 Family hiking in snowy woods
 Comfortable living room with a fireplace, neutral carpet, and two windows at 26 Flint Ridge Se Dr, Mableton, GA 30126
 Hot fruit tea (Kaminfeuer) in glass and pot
* * *
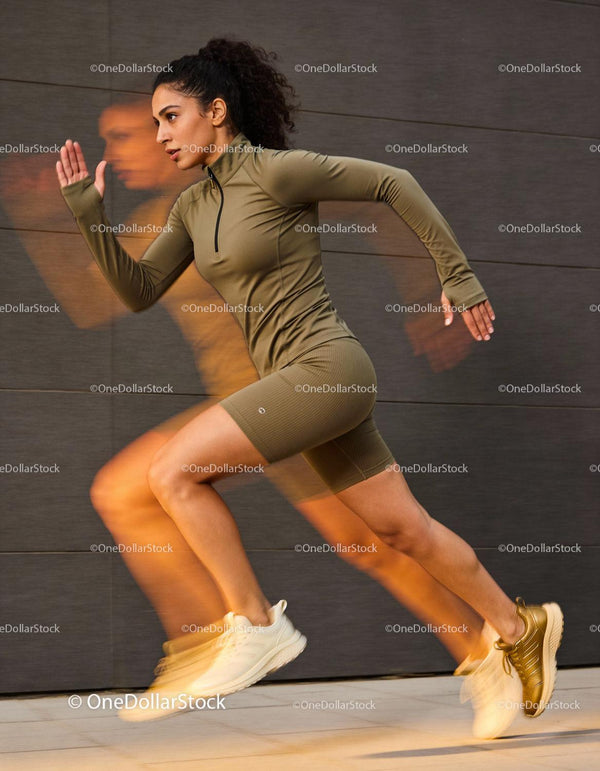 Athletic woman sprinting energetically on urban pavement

▶ **Exercise brief**: From the records above, quote only the lines running from the line with "Family hiking in snowy woods" to the line with "Hot fruit tea (Kaminfeuer) in glass and pot", both lines included.

▶ **Output for this exercise**:
 Family hiking in snowy woods
 Comfortable living room with a fireplace, neutral carpet, and two windows at 26 Flint Ridge Se Dr, Mableton, GA 30126
 Hot fruit tea (Kaminfeuer) in glass and pot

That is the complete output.